Description of the task: Nothing but the text of the records belongs in your answer: repeat all of it exactly and leave out the images.

=-=-=

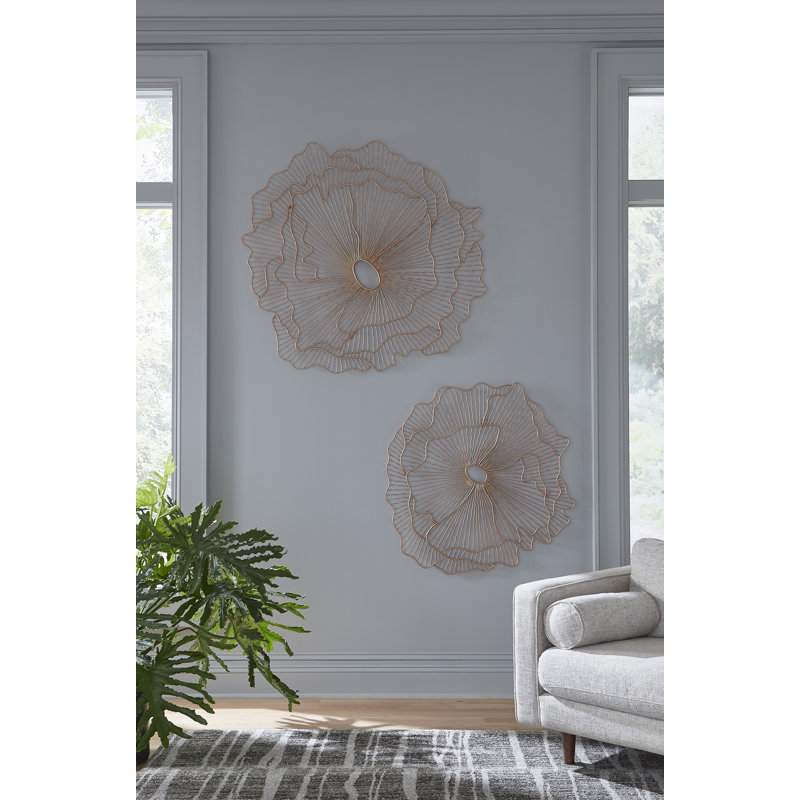 Copper Wire Flower Wall Sculpture, 36" Contemporary Art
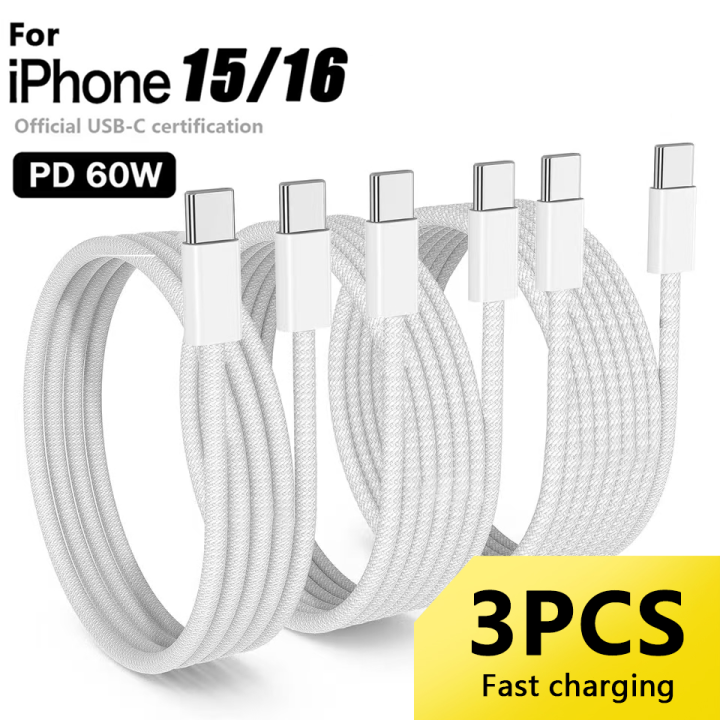 NNBILI 3PCS USB C To Type C Cable for IPhone 15 16 PD60W Fast Charging Wire for Data Cable Line 1M 1.5M 2M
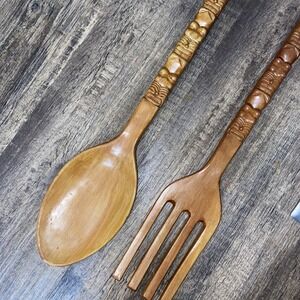 Wooden Fork & Spoon LARGE Vintage Handcarved Tiki Kitchen Decor MCM 22.5"
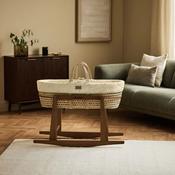 Organic Quilt Moses Basket, Mattress &amp; Walnut Rocking Stand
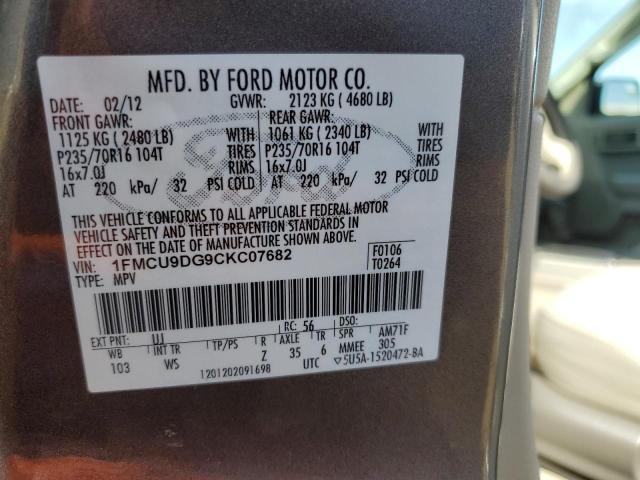 1FMCU9DG9CKC07682 - 2012 FORD ESCAPE XLT GRAY photo 13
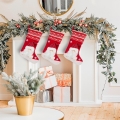 Skarpeta Świąteczna 50cm Dekoracyjna Merry Christmas biała / czerwona  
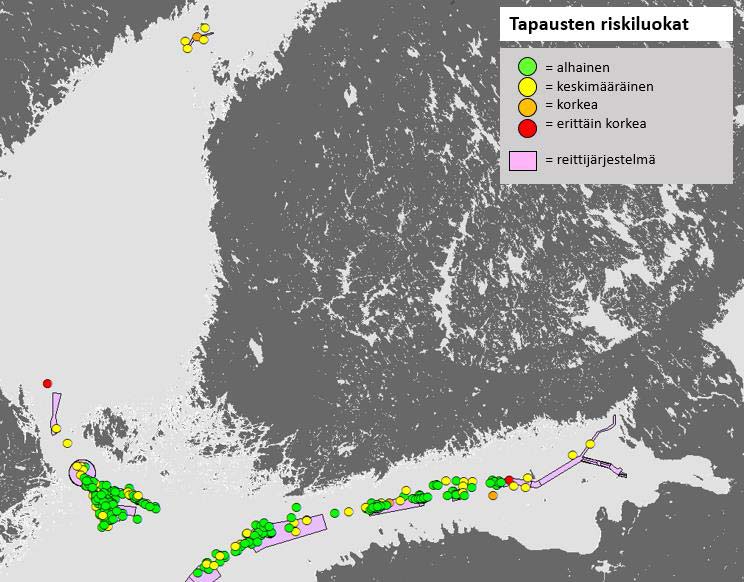 Tuloksia pähkinänkuoressa; vaikutus turvallisuuteen Selvityksen perusteella voidaan arvioida, että kolmen vihreän valon käyttö ei pienentäisi merkittävästi alusten yhteentörmäysriskiä Suomenlahden,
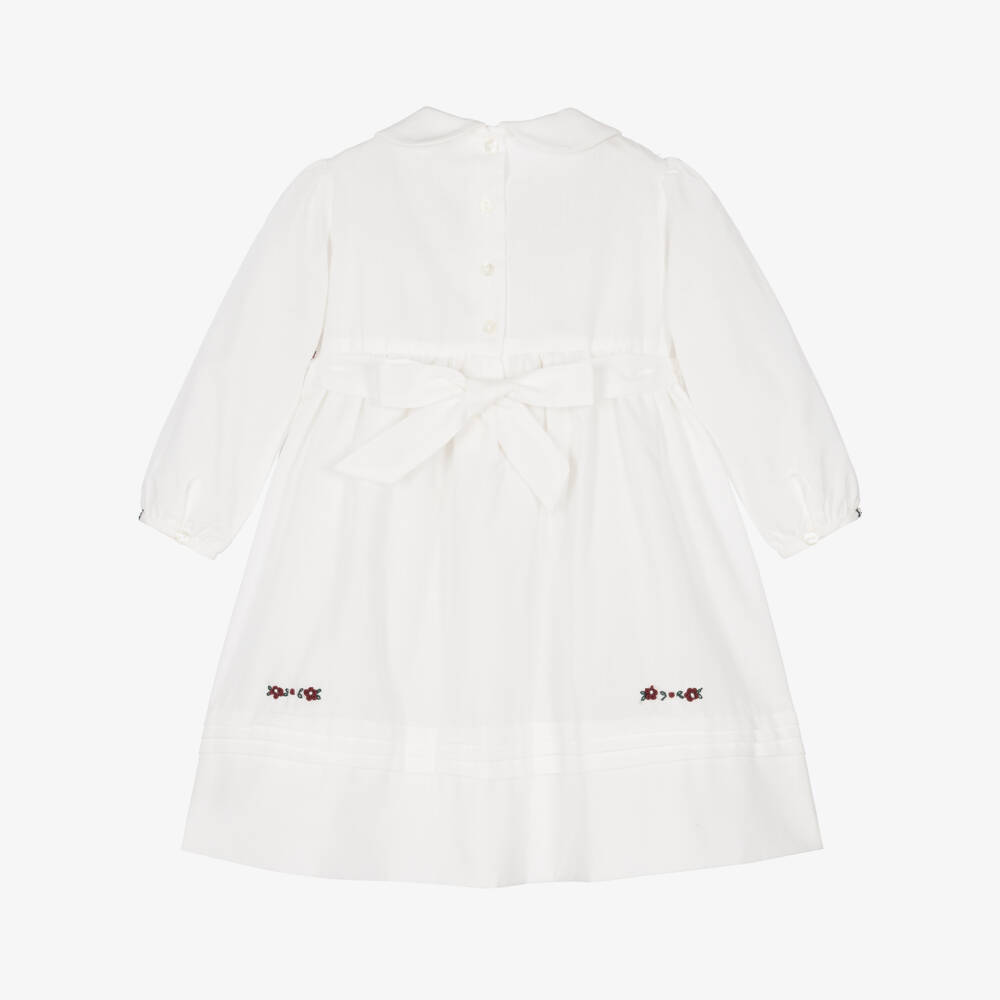Sarah Louise-Girls Ivory & Burgundy Hand-Smocked Dress | Childrensalon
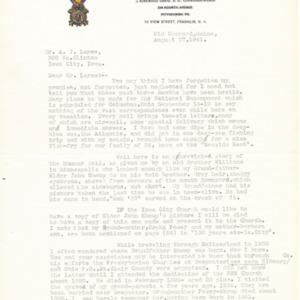 1941 Letter from J. Kirkwood Craig to Mr. A. J. Larew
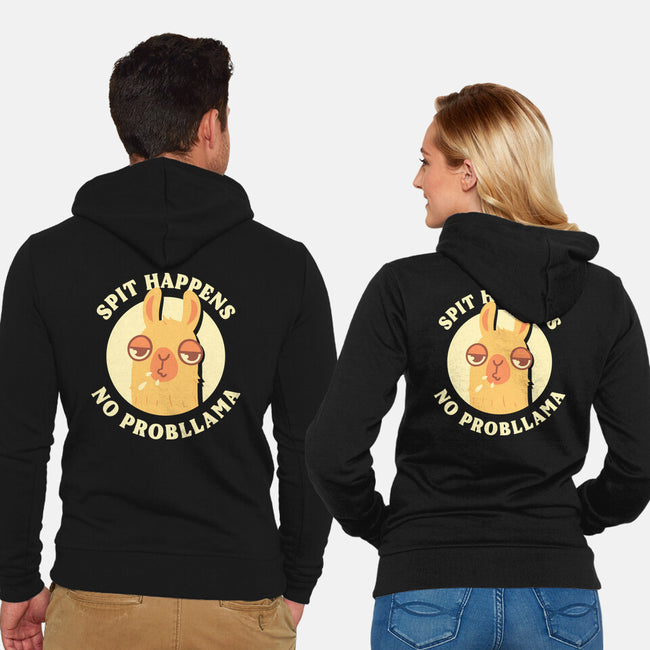 Spit Happens No Probllama-Unisex-Zip-Up-Sweatshirt-rarpoint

=-=-=

Response area:
 Copper Wire Flower Wall Sculpture, 36" Contemporary Art
 NNBILI 3PCS USB C To Type C Cable for IPhone 15 16 PD60W Fast Charging Wire for Data Cable Line 1M 1.5M 2M
 Wooden Fork & Spoon LARGE Vintage Handcarved Tiki Kitchen Decor MCM 22.5"
 Organic Quilt Moses Basket, Mattress &amp; Walnut Rocking Stand
 1FMCU9DG9CKC07682 - 2012 FORD ESCAPE XLT GRAY photo 13
 Skarpeta Świąteczna 50cm Dekoracyjna Merry Christmas biała / czerwona  
 Tuloksia pähkinänkuoressa; vaikutus turvallisuuteen Selvityksen perusteella voidaan arvioida, että kolmen vihreän valon käyttö ei pienentäisi merkittävästi alusten yhteentörmäysriskiä Suomenlahden,
Sarah Louise-Girls Ivory & Burgundy Hand-Smocked Dress | Childrensalon
 1941 Letter from J. Kirkwood Craig to Mr. A. J. Larew
 Spit Happens No Probllama-Unisex-Zip-Up-Sweatshirt-rarpoint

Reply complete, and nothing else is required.